Task to carry out: Search the listing below for the line containing "北京市2019年第一至四批擬認(rèn)定高新技術(shù)企業(yè)名單". From there through the line containing "重庆今日天气持续阴雨 高海拔地区出现雨夹雪", transcribe every line exactly, both ends included.
::::::::
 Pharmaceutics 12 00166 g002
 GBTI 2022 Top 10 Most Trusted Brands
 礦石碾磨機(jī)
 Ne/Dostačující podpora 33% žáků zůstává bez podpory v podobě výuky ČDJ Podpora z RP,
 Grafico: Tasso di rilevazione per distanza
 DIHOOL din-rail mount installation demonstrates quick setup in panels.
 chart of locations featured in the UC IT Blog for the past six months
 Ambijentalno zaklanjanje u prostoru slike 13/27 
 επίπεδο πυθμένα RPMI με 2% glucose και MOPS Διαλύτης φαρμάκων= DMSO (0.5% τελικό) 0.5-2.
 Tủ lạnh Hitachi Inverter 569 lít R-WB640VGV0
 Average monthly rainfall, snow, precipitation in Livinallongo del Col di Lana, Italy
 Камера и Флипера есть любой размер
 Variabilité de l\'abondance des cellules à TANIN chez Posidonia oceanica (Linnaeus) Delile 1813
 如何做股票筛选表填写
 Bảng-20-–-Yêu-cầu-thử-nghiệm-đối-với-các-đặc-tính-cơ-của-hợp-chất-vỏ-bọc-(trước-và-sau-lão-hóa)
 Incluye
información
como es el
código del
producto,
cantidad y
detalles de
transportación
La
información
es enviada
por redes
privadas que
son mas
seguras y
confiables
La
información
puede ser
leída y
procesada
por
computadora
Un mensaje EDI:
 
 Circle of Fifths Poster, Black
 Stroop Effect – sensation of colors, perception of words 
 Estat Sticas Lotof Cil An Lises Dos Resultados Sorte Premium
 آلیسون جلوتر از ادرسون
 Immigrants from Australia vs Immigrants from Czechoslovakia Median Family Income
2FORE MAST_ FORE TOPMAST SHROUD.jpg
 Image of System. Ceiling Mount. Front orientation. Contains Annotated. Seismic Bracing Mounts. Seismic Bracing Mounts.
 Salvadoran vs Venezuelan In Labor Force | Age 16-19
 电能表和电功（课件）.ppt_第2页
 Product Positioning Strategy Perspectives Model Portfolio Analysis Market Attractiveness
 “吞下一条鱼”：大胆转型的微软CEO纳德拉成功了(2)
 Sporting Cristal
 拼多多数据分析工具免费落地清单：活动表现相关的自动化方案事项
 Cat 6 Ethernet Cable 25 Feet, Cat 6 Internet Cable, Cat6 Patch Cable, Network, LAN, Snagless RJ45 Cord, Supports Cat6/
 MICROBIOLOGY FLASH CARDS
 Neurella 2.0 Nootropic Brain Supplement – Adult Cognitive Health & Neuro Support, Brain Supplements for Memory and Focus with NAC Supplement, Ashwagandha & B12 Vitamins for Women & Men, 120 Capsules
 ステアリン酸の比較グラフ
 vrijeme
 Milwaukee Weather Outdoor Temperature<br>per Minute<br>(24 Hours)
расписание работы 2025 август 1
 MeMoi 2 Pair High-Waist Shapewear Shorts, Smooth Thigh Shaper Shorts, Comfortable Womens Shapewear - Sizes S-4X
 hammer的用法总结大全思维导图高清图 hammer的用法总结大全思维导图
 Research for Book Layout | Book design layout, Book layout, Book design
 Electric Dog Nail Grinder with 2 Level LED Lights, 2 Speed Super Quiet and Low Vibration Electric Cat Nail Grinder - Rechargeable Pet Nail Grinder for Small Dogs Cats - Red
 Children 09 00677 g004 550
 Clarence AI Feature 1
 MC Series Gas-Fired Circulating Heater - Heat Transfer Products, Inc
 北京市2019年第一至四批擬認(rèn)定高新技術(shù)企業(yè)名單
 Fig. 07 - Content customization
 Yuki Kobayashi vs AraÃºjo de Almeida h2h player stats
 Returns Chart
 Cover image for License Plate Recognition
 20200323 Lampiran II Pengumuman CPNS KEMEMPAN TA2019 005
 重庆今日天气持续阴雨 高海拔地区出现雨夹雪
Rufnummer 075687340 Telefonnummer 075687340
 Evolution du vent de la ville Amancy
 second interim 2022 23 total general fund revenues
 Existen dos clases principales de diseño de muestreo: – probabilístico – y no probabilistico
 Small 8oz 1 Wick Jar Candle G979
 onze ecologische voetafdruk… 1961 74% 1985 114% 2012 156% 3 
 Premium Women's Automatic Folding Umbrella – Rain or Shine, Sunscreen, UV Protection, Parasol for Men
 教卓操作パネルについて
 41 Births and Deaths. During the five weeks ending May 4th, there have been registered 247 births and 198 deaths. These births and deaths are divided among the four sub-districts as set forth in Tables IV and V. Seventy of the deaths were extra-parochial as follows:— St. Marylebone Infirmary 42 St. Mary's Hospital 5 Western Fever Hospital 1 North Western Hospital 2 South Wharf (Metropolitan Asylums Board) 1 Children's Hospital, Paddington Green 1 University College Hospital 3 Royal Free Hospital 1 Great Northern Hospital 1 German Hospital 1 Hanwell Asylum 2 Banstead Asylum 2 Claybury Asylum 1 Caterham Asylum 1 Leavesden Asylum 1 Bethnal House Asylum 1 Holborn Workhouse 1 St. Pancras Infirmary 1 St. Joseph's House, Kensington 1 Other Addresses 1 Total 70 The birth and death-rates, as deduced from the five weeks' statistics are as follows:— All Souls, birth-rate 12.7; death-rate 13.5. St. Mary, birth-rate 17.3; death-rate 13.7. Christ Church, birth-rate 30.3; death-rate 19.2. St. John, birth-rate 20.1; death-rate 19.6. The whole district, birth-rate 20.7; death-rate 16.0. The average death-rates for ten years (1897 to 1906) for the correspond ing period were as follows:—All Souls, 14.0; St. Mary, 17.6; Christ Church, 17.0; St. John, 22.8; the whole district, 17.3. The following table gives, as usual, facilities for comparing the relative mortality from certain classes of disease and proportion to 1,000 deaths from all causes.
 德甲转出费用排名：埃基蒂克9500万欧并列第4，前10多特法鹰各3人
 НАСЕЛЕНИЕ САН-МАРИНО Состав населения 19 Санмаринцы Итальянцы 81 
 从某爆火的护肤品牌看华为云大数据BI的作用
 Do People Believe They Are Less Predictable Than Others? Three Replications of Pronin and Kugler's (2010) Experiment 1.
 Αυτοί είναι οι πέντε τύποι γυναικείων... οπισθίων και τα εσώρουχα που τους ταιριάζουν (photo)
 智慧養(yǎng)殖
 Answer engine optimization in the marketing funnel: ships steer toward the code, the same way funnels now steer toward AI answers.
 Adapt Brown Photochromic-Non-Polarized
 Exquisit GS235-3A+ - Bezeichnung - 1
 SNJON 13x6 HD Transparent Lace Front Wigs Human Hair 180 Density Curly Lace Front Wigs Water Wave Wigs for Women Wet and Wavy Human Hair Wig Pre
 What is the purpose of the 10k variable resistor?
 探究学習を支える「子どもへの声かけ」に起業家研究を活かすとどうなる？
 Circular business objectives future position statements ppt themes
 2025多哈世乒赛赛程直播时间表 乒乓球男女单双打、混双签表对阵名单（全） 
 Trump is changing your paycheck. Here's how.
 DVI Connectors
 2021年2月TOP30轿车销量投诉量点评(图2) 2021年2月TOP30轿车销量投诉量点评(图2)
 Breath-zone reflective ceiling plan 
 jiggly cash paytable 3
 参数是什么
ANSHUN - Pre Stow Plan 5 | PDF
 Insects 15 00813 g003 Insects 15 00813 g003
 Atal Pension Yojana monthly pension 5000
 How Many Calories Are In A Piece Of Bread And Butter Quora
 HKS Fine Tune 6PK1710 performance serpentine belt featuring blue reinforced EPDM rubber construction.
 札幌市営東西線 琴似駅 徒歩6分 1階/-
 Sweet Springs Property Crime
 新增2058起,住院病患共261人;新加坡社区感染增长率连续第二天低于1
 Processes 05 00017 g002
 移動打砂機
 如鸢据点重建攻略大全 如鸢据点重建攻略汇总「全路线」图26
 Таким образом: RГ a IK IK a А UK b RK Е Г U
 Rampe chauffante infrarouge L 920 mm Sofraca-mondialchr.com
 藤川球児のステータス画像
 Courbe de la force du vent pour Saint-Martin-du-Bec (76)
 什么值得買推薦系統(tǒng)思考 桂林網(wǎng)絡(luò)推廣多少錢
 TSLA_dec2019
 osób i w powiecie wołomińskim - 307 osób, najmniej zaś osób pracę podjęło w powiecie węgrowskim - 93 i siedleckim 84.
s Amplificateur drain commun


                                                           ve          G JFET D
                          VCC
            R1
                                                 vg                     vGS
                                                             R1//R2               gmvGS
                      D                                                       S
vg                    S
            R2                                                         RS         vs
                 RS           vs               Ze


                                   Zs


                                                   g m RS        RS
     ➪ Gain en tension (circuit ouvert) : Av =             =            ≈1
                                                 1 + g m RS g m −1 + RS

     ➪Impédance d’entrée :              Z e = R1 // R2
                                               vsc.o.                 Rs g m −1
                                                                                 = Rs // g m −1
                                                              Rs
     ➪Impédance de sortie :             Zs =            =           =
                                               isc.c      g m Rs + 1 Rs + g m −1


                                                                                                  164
::::::::
Expected output:
 北京市2019年第一至四批擬認(rèn)定高新技術(shù)企業(yè)名單
 Fig. 07 - Content customization
 Yuki Kobayashi vs AraÃºjo de Almeida h2h player stats
 Returns Chart
 Cover image for License Plate Recognition
 20200323 Lampiran II Pengumuman CPNS KEMEMPAN TA2019 005
 重庆今日天气持续阴雨 高海拔地区出现雨夹雪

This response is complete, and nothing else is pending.